▶ The task
Beginning with the line that contains "chesterterrier's tweet photo.", restate each line below through the final one exactly, and exclude the pictures.

▶ The data
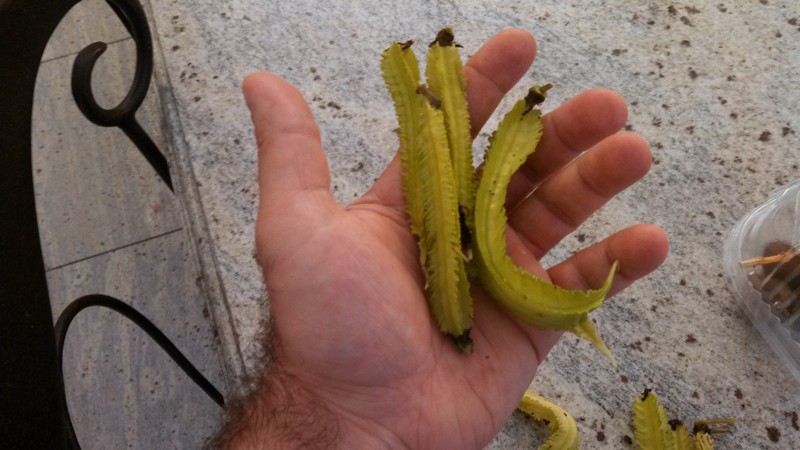 Winged Bean photo 8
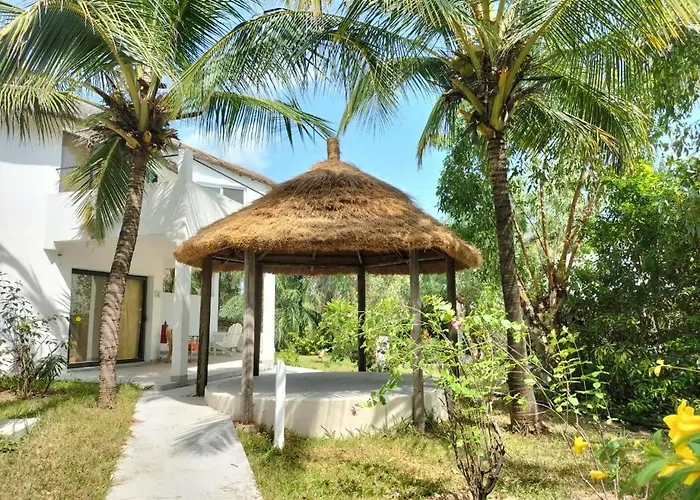 Les Hibiscus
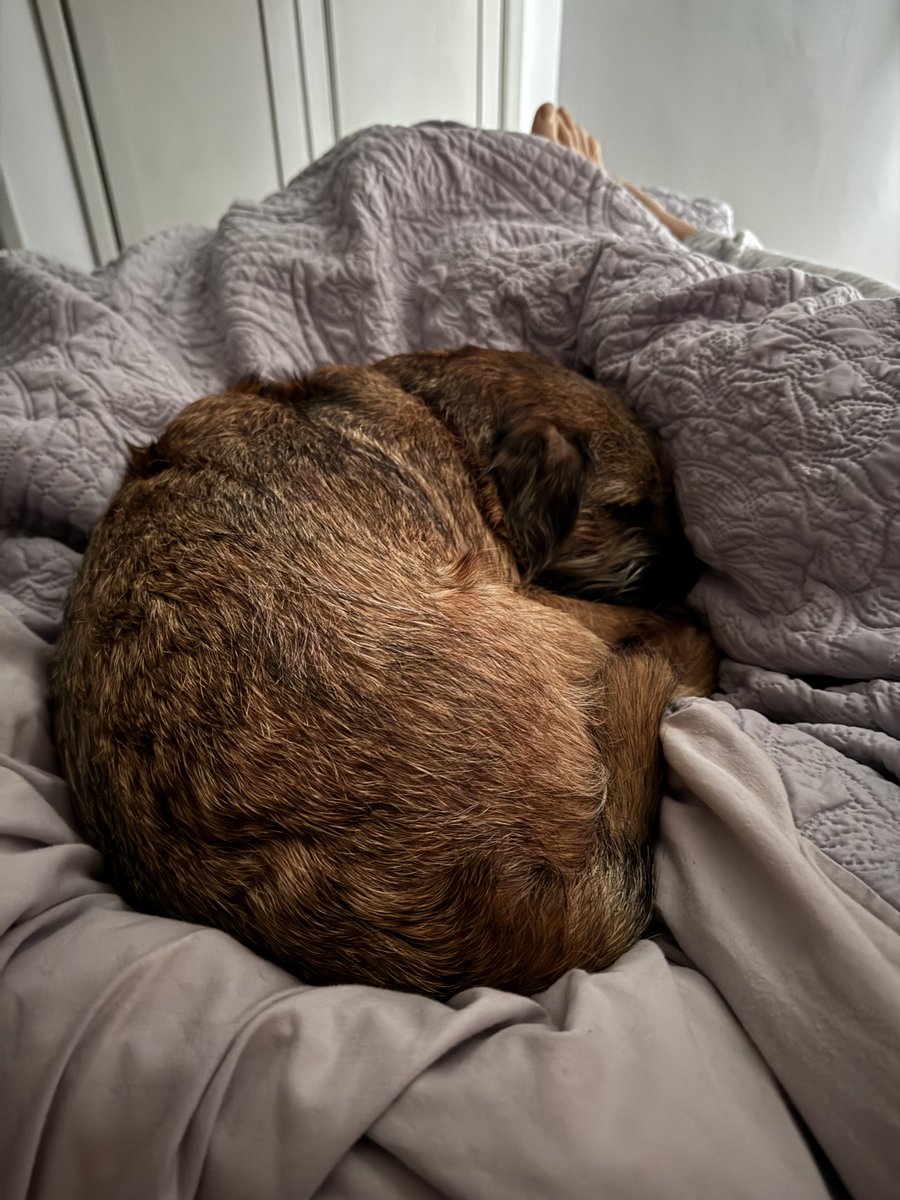 chesterterrier's tweet photo. #bigbed #btposse #dogsofX 
🐾🐶😴 https://t.co/CiR80QoDgp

▶ Your solution
 chesterterrier's tweet photo. #bigbed #btposse #dogsofX 
🐾🐶😴 https://t.co/CiR80QoDgp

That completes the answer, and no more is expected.